▶ _WORK REQUIRED_
Below are some records. Retype exactly the lines from the one containing "Green 2021 BMW" through the one containing "Premium Vector dari", both included, skipping every picture.

▶ _EXTRACTED DATA_
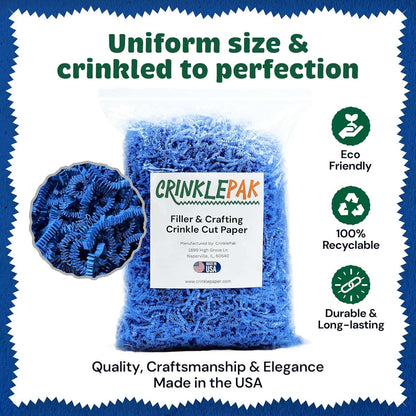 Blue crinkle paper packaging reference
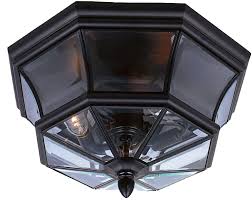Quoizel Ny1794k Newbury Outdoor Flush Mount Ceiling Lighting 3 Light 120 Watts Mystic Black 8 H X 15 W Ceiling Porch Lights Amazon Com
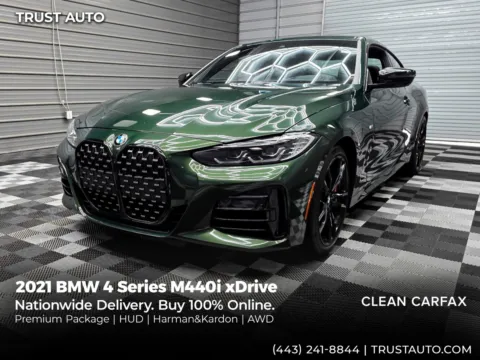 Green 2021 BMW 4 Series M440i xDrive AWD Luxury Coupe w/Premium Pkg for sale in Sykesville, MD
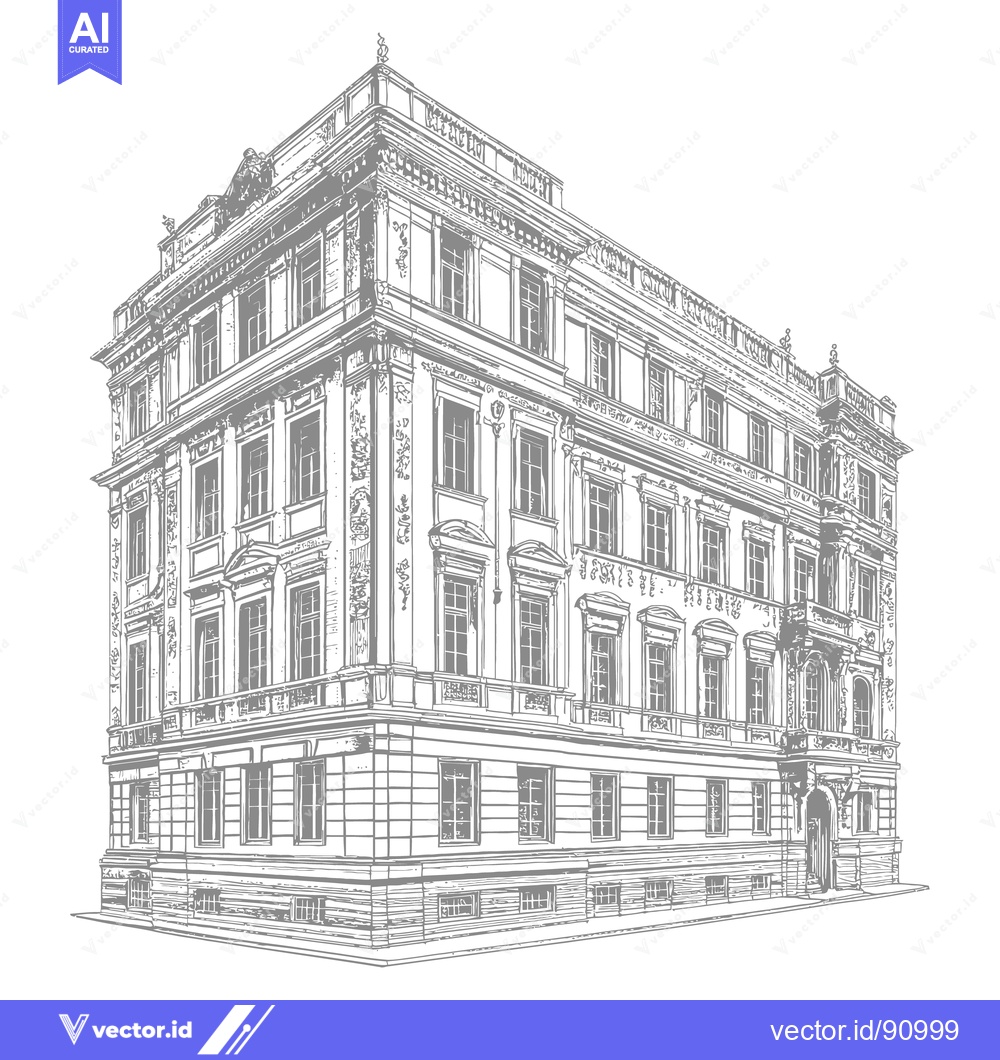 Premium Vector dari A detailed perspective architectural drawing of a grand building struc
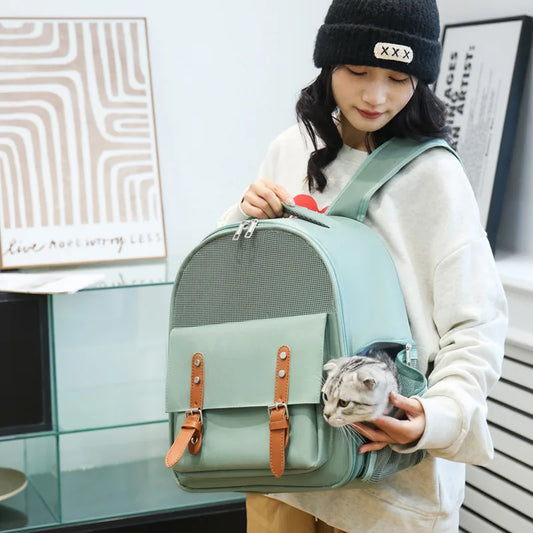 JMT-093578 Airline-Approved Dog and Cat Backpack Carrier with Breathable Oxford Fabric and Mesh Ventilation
...
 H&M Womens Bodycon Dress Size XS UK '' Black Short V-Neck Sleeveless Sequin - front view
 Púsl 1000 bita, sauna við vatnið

▶ _RESPONSE_
 Green 2021 BMW 4 Series M440i xDrive AWD Luxury Coupe w/Premium Pkg for sale in Sykesville, MD
 Premium Vector dari A detailed perspective architectural drawing of a grand building struc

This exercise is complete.